Posted Nov 12, 2025 18:59 UTC (Wed) by nickodell (subscriber, #125165) [Link] (4 responses)

Could you clarify why this is better than going through the page cache?

Hellwig's initial patch says

>This series tries to address this by falling back to uncached buffered I/O. Given that this requires an extra copy it is usually going to be a slow down, especially for very high bandwith use cases, so I'm not exactly happy about.

I assume the bounce buffer also requires an additional copy, so what makes it faster than the approach here?

There's a better solution than falling back to buffered io

Posted Nov 12, 2025 19:26 UTC (Wed) by koverstreet (✭ supporter ✭, #4296) [Link] (1 responses)

Buffered IO is only fast when IO is mostly staying in cache.
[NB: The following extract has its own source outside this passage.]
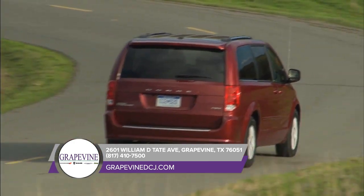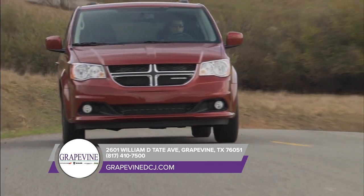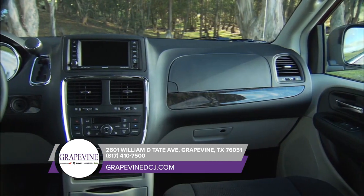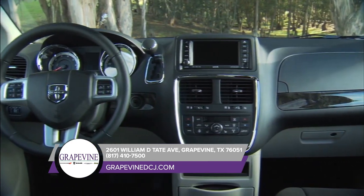Take control of any situation with an impressive amount of different seating and storage combinations to carry kids, cargo, and everything in between. The Dodge Grand Caravan seats up to seven with enough room to separate even the fiercest of rival siblings.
When it's not it's _significantly_ slower; you incur all the overhead of walking and managing the page cache radix tree, backround eviction, background writeback - doing all that stuff asynchronously is significantly more constantly when you're not amortizing it by letting things stay in cache.

O_DIRECT tends to be used where the application knows the pagecache is not going to be useful - ignoring what the application communicated and using buffered IO is a massive behavioral change and just not a good idea.
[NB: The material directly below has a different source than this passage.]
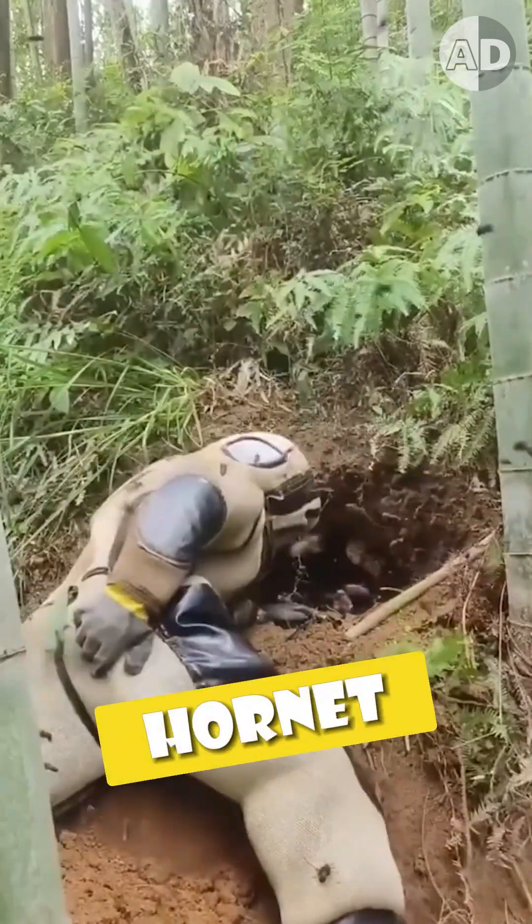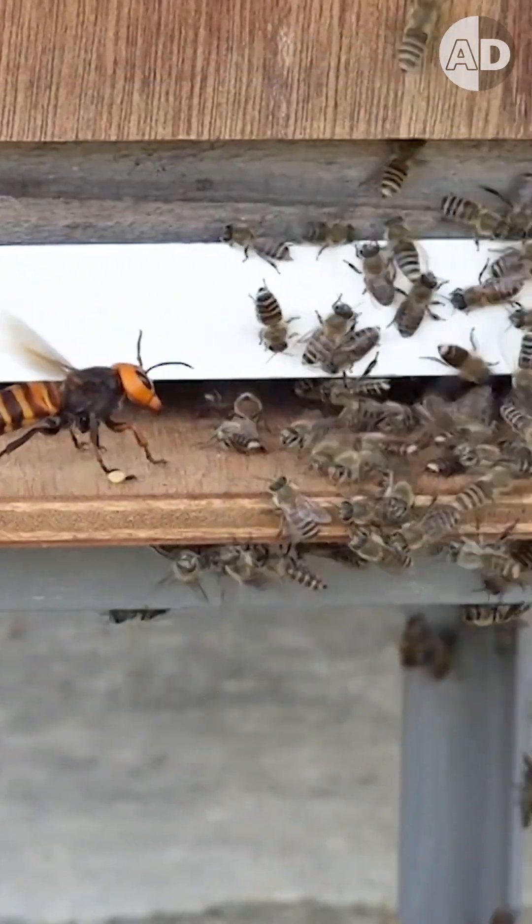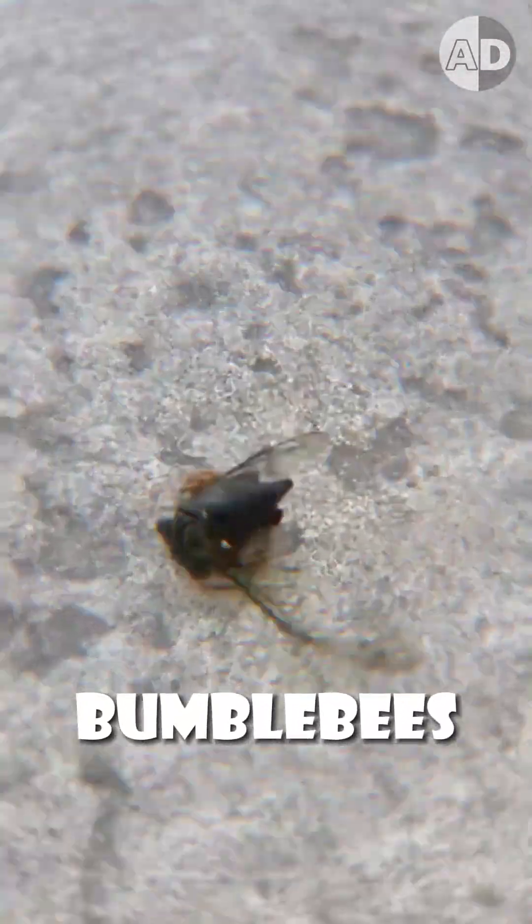This man just got bitten by a murder hornet, even though he has an armored suit. Murder hornets are top predators of honeybees, and only one of them can kill and eat up to 50 honeybees a day. They are invasive species that also prey on native pollinators like bumblebees, so volunteer groups hunt and destroy their nests.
If you just bounce IOs, the only extra overhead you're paying for is allocating/freeing bounce buffers (generally quite fast, thanks to percpu freelists), and the memcpy - which, as I mentioned, is noise when we're already touching the data to checksum.
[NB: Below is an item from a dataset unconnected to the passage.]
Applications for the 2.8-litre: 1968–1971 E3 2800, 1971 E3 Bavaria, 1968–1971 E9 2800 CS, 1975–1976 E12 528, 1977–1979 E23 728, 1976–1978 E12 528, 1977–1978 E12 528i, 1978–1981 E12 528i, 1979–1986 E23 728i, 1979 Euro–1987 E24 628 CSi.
And you only have to pay for that on writes. Reads can be normal zero copy O_DIRECT reads: if you get a checksum error, and the buffer is mapped to userspace (i.e. might have been scribbled over), you retry it with a bounce buffer before treating it like a "real" checksum error.

(This is all what bcachefs has done for years).

There's a better solution than falling back to buffered io

Posted Nov 12, 2025 21:05 UTC (Wed) by Wol (subscriber, #4433) [Link]

Wasn't that benchmarked a few years back? Somebody disabled caching on file copies, and especially with larger files the uncached copy was maybe ten times faster?

Cheers,
Wol

There's a better solution than falling back to buffered io

Posted Nov 12, 2025 19:28 UTC (Wed) by Paf (subscriber, #91811) [Link] (1 responses)

At least for small pages, much of the cost of using the page cache is actually in setup, insertion, and removal from the cache, *not* in memory allocation or data copying. Depending on the use case and hardware, simple bounce buffers can be *much* faster. And they can be done in parallel across many threads without conflicting on the tree locking for the page cache. (Even a read is a tree insert unless the data is already present.)

But this becomes proportionally less true with large folios though, probably to the point of not really true for larger sizes, since the overhead is spread over much more data.

There's a better solution than falling back to buffered io

Posted Nov 12, 2025 19:36 UTC (Wed) by koverstreet (✭ supporter ✭, #4296) [Link]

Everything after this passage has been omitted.